Notice: Trying to get property 'display_name' of non-object in /var/www/html/wp-content/plugins/wordpress-seo/src/generators/schema/article.php on line 52
keyboard_arrow_uptop

Believe it or not, most of our writers didn't enter the world sporting an @baseballprospectus.com address; with a few exceptions, they started out somewhere else. In an effort to up your reading pleasure while tipping our caps to some of the most illuminating work being done elsewhere on the internet, we'll be yielding the stage once a week to the best and brightest baseball writers, researchers and thinkers from outside of the BP umbrella. If you'd like to nominate a guest contributor (including yourself), please drop us a line.

Without further ado, let's kick off the series by extending a warm BP welcome to Jeff Sullivan. Jeff Sullivan has been writing about the Mariners since 2003, and has been running Lookout Landing since 2005. Additionally, he briefly ran Beyond The Box Score and serves as an editor at SBNation/MLB. He can be found in Oregon bars.

I’ve been granted the honor of going first in the brand-new ProGUESTus series, which is one of those things I probably find a lot cooler than any of you do. I don’t know why I was asked to lead off, since I was a pitcher in high school who wasn’t allowed to hit, but that’s more a problem with the manager, not me. That’s a baseball joke. All right, good start.

To much fanfare, Colin Wyers released the 2011 PECOTA projections earlier this week. PECOTA is probably the most well-publicized, well-known, and complex projection system on the planet, and so the date of its release is always one of the most exciting days in the early part of the year. When there isn’t any baseball, the best substitute is thinking about and analyzing the baseball to come, and PECOTA grants us that opportunity.

As soon as I heard the projections were available, I downloaded the spreadsheet and, like most other people with access to it, scrambled to find out what PECOTA thinks of Rajai Davis. (Not much.) This is where a lot of the fun with PECOTA lies. Once you get the numbers, you want to see what the system thinks about certain players.

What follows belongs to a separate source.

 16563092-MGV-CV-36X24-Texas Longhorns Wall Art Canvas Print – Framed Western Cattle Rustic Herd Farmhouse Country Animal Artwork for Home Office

A common activity is to group the projections for players on your favorite team, figure out projected playing time, and then turn that into a projected record. That’s what we all care about, right? How many wins and losses our teams are going to end up with?

And that’s great. That’s PECOTA’s strength, and that’s PECOTA’s purpose. But the thing about PECOTA that I don’t think gets enough attention is the inclusion of player comparisons. As many of you know, the whole PECOTA system is built upon these comparisons, and for reader convenience, they’re included as part of the output. Scroll to the right of the 2011 spreadsheet and you’ll find a “Comparables” column. There you’ll see a selection of the players throughout baseball history to which the current player is being compared.

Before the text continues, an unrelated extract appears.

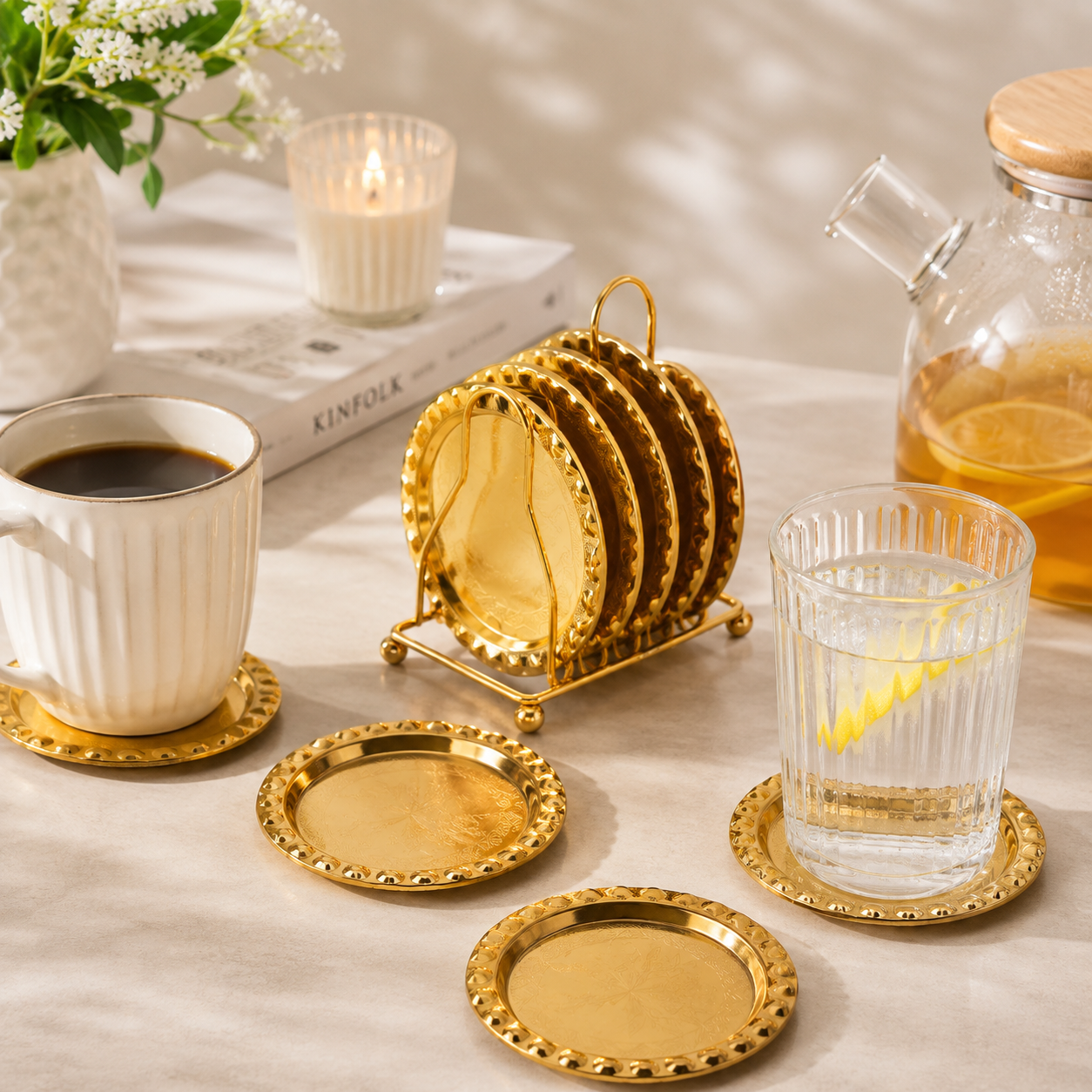 Fancy 6-Piece Metal Golden Coaster Set With Stand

There’s fun to be had here. Jose Guillen as Julio Franco? Jason Bergmann as Shaun Marcum? Twenty-two different pitchers as Antonio Bastardo? The comps add some color and make the final product more entertaining. And they’re not without their analytical value, either. The strength of a given player’s comps, one figures, ought in theory to be directly related to the strength of a given player’s projection, and said strength, or confidence, or whatever you want to call it is shown here in parentheses after the comparable names.

So I’m here now to make an effort to get people to pay more attention to this part of PECOTA. That number in parentheses—Baseball Prospectus calls it “Similarity Index,” and it’s defined in the site glossary. The higher the number, the easier it is to find similar players with similar performances. The lower the number, the harder it is to find similar players with similar performances.

That’s good and sensible, but let’s go ahead and call it the "Ordinary Index" instead. Changing the name doesn’t change the meaning; it just makes it more descriptive. It follows, then, that the higher the number, the more ordinary the player, and the lower the number, the more extraordinary the player.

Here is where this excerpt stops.